Google India had credited the distribution fees towards distribution rights granted under the aforesaid agreement, to the account of Google Ireland without deduction of tax at source. Proceedings under section 201 were initiated by issuing a show cause notice, requiring Google India to explain why it should not be treated as assessee in default for not deducting tax at source on sums payable to Google Ireland. The Assessing Officer was not satisfied by the responses of Google India and determined the amounts payable to Google Ireland to be royalty under the Income-tax Act, 1961 (‘the Act’). The Commissioner of Income-tax (Appeals) upheld the decision of the Assessing Officer. Against the said order, Google India preferred an appeal before the Tribunal.
Contentions of the assessee
Before the Tribunal, Google India contended/submitted that:
1. It was merely a reseller of advertisement space and was engaged in only performing marketing-related activities to promote the sales of advertisement space in India;
2. No rights or IP were transferred by Google Ireland to Google India or to the advertiser;
3. Google India had no control or access to the software, algorithm and data centre;
4. The server on which the Adwords program runs were located outside India, over which Google India did not have control;
5. Google India or the advertisers do not have any right of any use or exploitation or the underlying IP and software;
6. The advertisers select keywords and place a bid on the online auction. Google India periodically raises invoices on advertisers for advertising spend incurred by the advertisers;
7. The IT-enabled service (‘ITES’) division of Google India is a separate outsourcing business segment, for which it earns revenue under a separate outsourcing service agreement with Google Ireland (‘service agreement’), and
8. The amount payable to Google Ireland was an advertisement fee and not royalty in nature under the Act.
Contentions of the Revenue
On the other hand, the Revenue contended that:
1. On a combined reading of the distribution agreement and service agreement, it is clear that Google India had been provided license to use IPR for which Google India had agreed to make certain payments to Google Ireland;
2. The IPR of Google resides in search engine technology, associated software and other features.
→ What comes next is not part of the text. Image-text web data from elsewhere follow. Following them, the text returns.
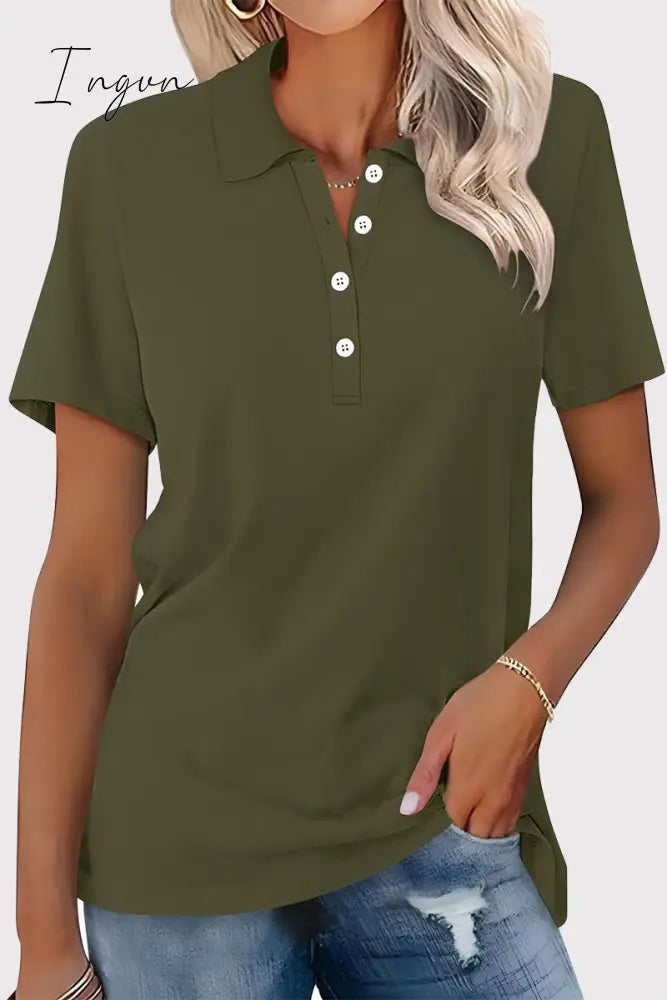 Ingvn - Casual Simplicity Solid Buckle Turndown Collar T-Shirts Green / S Tops/Tees & T-Shirts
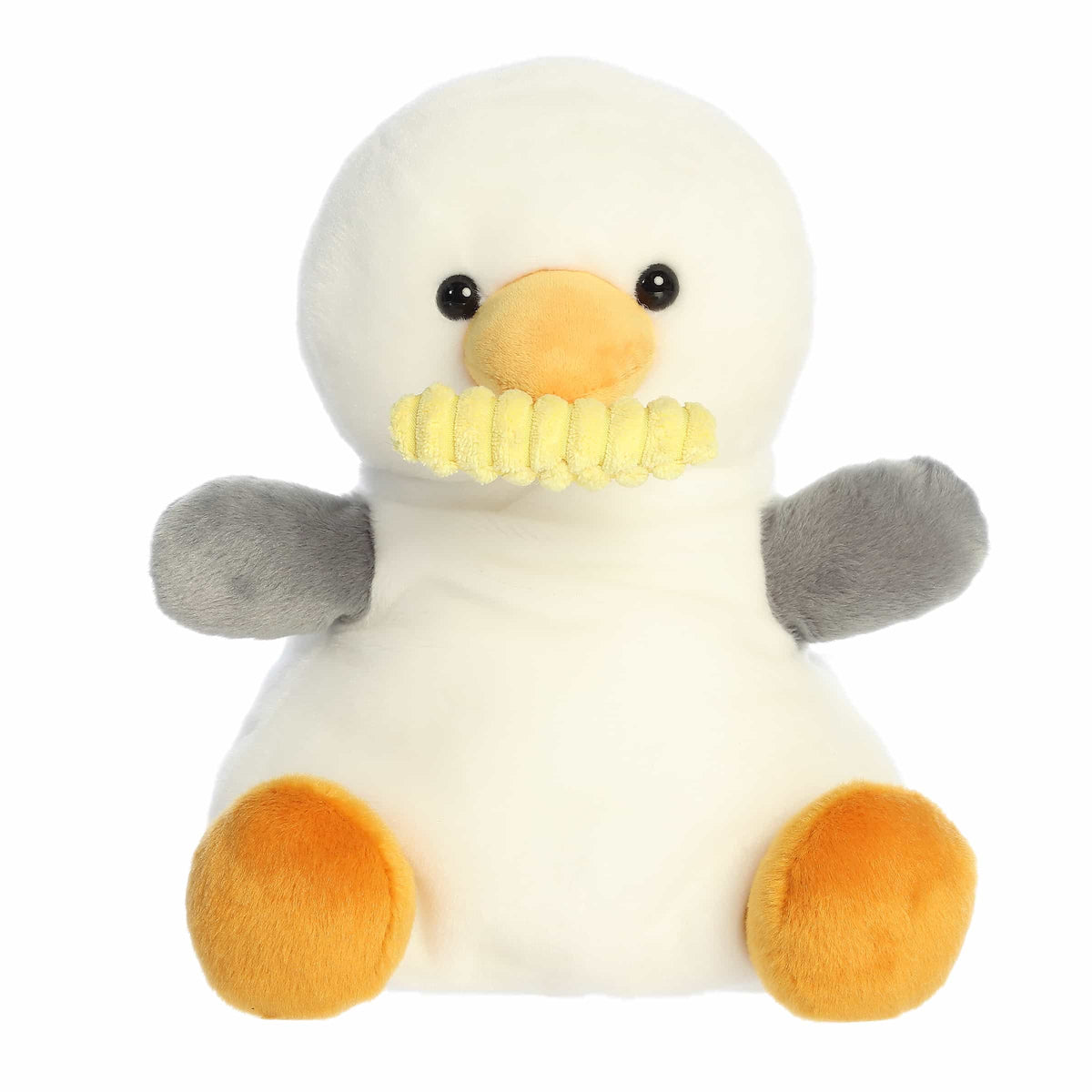 White and grey plush seagull, Buoy, holding a yellow fry, with orange feet, in the Palm Pals collection.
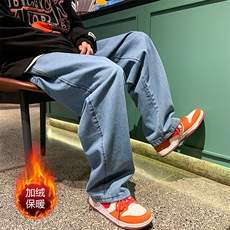 ！秋冬新款宽松直筒牛仔长裤系绳抽绳男士长裤K6921J-P55控68，男装牛仔裤，电商A042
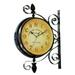 Hemoton Vintage Double Sided Wall Clock Iron Silent Quiet Grand Central Station Wall Clock Art Clock Decorative Double Faced Wall Clock 360 Degree Rotate Antique Wall Clock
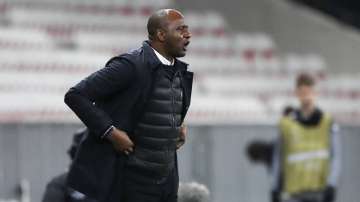 Nice's head coach Patrick Vieira reacts during the Europa League Group C soccer match between Nice and Bayer Leverkusen at the Allianz Riviera stadium in Nice, France, Thursday, Dec. 3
Hence right to use IPR for performing various activities like accepting advertisements and providing after sale services would fall within the ambit of ‘Royalty’;
3. Google Ireland allowed Google India access to all IPRs and confidential information, without which it is not possible for Google India to render the services to the advertisers;
4. Thus, the amount credited by Google India to the account of Google Ireland would constitute sum chargeable under the provisions of the Act, as the payment is in the nature of royalty for the purpose of license to use intellectual property rights;
5. Google India, by acquiring the distribution and marketing rights from Google Ireland in respect of the Adwords program to the advertisers, was licensed to use the search engine, which is copyrighted and therefore the payments it made fall within the definition of royalty;
6. Google India had been granted right to use trademarks and brand features;
7. Google India had been granted distribution rights involving transfer of rights in process, and
8. The income from exploitation of search engine, which is an IPR, being used by the Google India as tools of trade is royalty and therefore liable for tax under the Act as well as DTAA.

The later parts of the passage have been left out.